Joint leader of Sweden’s Green Party announces resignation

Märta Stenevi, the embattled leader of Sweden's Green Party, has said she is resigning to focus on her mental health, her children and her partner.

Joint leader of Sweden's Green Party announces resignation

The decision comes less than three weeks after Stenevi took an indefinite period of sick leave, saying that she needed time to recover after a bruising period that saw the party launch an internal investigation into complaints about her management style.

There has also been extensive press coverage over the alleged conflict she has with Daniel Hellden, the man chosen as the party’s other leader at a conference in November. 

“This is a very difficult decision,” Stenevi told the Aftonbladet newspaper. “I put myself forward for reelection and received a renewed mandate from the congress, but I don’t believe I can be my best self right now and I don’t really know how long it will take to get back on my feet.”

“The party deserves better than to be in some kind of limbo, where one of the spokespeople [as the party calls its leaders] cannot fully carry out the role. And I need to focus on getting better again, being a good mum and a pleasant partner.”  

Writing on Instagram, Stenevi’s joint leader Daniel Helldén said that he was sorry to see Stenevi go. 

“I have respect for her decision, but personally I think it’s a real shame.
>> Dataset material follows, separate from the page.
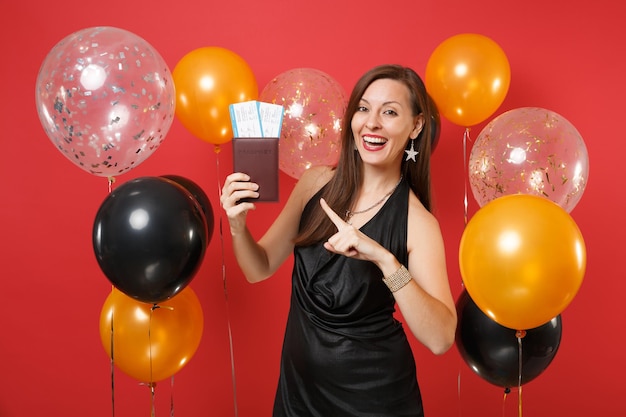 Joyful woman in black dress celebrating, pointing index finger on passport, boarding pass tickets in hand on bright red background air balloons. Happy New Year, birthday mockup holiday party concept.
I have very much enjoyed working together with Märtha,” he said. 

Stenevi said that the leaks to the media about complaints about her management style in the autumn had been difficult for her to handle. 
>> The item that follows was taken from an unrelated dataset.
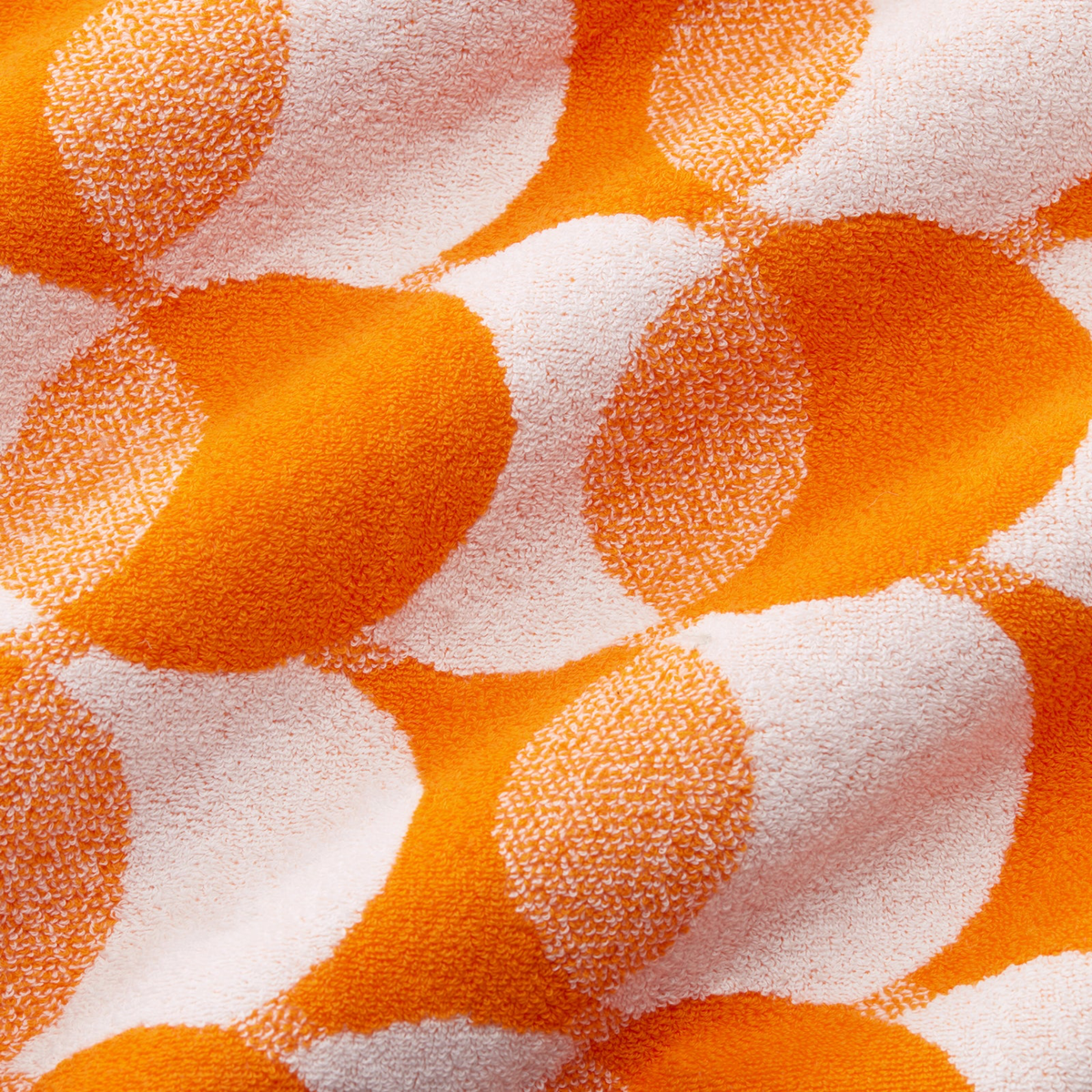 Fabric Closeup of Sferra Sorrento Beach Towels in Mango Color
“It put me under enormous pressure. It wasn’t the media attention: I understand that you are going to be continually criticised and investigated, but what happened in the autumn was that there was a lot of anonymous briefing, so you didn’t know who you could trust or where it was coming from, and that made it much more difficult and much more draining.” 
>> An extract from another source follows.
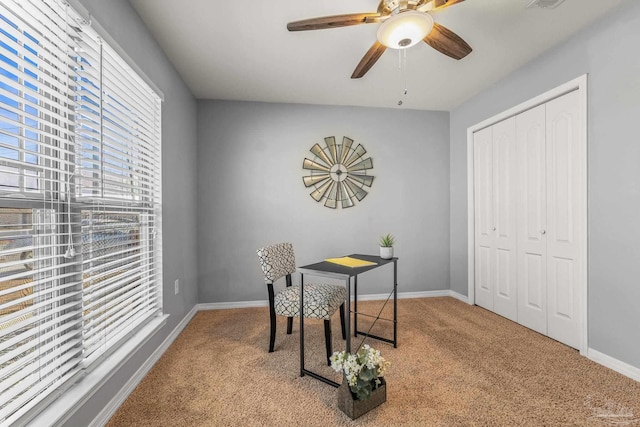 office with ceiling fan and light colored carpet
When Stenevi went on sick leave last month, the party’s secretary, Katrin Wissing, told TT that her relationship with Daniel Helldén had not played a role in her departure.

“On the contrary, Daniel has been giving Märta extremely good support,” she said. 

Although Stenevi is resigning as party leader, she intends to remain in parliament is an MP, and has not decided to give up her career in politics. 

“When I’m back on track, I’ll see what happens, but I don’t feel completely finished with politics,” she said. “But this is the right decision, both for me, my family and my party.”